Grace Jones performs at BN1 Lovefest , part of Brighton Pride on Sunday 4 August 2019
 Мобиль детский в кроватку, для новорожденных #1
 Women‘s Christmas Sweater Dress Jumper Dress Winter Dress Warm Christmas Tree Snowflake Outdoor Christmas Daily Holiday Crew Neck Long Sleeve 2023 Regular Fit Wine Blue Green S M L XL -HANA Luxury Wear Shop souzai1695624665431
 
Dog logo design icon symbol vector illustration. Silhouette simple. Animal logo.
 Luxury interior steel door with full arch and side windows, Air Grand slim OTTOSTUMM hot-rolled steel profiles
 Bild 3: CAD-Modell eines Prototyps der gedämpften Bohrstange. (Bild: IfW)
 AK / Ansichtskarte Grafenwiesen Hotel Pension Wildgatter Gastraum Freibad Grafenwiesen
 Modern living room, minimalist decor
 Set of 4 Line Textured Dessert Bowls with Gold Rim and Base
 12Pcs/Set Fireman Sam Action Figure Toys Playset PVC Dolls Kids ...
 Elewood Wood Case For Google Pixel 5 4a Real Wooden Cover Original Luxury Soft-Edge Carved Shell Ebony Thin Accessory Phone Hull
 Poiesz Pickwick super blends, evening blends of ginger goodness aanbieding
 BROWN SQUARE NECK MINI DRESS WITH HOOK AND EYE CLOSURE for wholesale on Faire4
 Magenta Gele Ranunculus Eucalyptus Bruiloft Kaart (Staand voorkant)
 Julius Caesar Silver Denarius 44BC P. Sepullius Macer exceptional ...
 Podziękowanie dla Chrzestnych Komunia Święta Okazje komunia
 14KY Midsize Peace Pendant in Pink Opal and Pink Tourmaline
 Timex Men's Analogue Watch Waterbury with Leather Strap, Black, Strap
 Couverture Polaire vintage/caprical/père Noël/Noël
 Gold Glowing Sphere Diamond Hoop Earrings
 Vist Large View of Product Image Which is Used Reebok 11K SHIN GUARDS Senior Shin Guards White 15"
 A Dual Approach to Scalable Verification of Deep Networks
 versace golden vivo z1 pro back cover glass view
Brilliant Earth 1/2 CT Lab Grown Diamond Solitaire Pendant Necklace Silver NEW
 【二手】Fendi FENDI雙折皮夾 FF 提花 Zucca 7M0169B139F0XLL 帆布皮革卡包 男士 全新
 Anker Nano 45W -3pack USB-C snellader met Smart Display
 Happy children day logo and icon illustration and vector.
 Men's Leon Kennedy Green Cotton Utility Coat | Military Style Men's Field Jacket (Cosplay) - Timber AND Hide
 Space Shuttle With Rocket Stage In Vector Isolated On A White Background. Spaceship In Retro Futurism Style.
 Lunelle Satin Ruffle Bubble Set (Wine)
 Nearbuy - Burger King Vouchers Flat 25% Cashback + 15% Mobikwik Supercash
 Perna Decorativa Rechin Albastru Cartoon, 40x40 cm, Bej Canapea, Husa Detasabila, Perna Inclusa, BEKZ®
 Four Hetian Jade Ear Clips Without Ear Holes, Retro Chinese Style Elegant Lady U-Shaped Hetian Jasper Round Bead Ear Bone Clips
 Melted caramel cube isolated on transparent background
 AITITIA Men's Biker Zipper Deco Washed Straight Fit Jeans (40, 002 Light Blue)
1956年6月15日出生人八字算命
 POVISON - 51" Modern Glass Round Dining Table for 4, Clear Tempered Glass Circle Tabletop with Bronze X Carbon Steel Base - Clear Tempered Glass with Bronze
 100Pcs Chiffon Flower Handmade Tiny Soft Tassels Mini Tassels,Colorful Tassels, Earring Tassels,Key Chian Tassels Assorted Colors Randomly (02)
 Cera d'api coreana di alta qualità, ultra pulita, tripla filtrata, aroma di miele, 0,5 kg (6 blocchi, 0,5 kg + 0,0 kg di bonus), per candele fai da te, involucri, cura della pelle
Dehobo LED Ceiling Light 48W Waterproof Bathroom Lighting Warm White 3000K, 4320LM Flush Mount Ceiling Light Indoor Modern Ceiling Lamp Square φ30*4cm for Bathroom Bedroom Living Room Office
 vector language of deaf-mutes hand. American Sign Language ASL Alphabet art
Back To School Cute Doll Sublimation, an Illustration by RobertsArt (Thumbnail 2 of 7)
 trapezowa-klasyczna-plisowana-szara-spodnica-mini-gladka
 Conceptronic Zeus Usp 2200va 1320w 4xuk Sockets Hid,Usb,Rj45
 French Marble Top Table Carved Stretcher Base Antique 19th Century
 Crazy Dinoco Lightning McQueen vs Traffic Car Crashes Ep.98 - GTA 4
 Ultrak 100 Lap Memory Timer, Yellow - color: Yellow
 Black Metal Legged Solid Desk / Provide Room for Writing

What you should do. Please write out only the lines from the one containing "Cera d'api coreana" to the end of the records above, exactly, both ends included.

Your solution.
 Cera d'api coreana di alta qualità, ultra pulita, tripla filtrata, aroma di miele, 0,5 kg (6 blocchi, 0,5 kg + 0,0 kg di bonus), per candele fai da te, involucri, cura della pelle
Dehobo LED Ceiling Light 48W Waterproof Bathroom Lighting Warm White 3000K, 4320LM Flush Mount Ceiling Light Indoor Modern Ceiling Lamp Square φ30*4cm for Bathroom Bedroom Living Room Office
 vector language of deaf-mutes hand. American Sign Language ASL Alphabet art
Back To School Cute Doll Sublimation, an Illustration by RobertsArt (Thumbnail 2 of 7)
 trapezowa-klasyczna-plisowana-szara-spodnica-mini-gladka
 Conceptronic Zeus Usp 2200va 1320w 4xuk Sockets Hid,Usb,Rj45
 French Marble Top Table Carved Stretcher Base Antique 19th Century
 Crazy Dinoco Lightning McQueen vs Traffic Car Crashes Ep.98 - GTA 4
 Ultrak 100 Lap Memory Timer, Yellow - color: Yellow
 Black Metal Legged Solid Desk / Provide Room for Writing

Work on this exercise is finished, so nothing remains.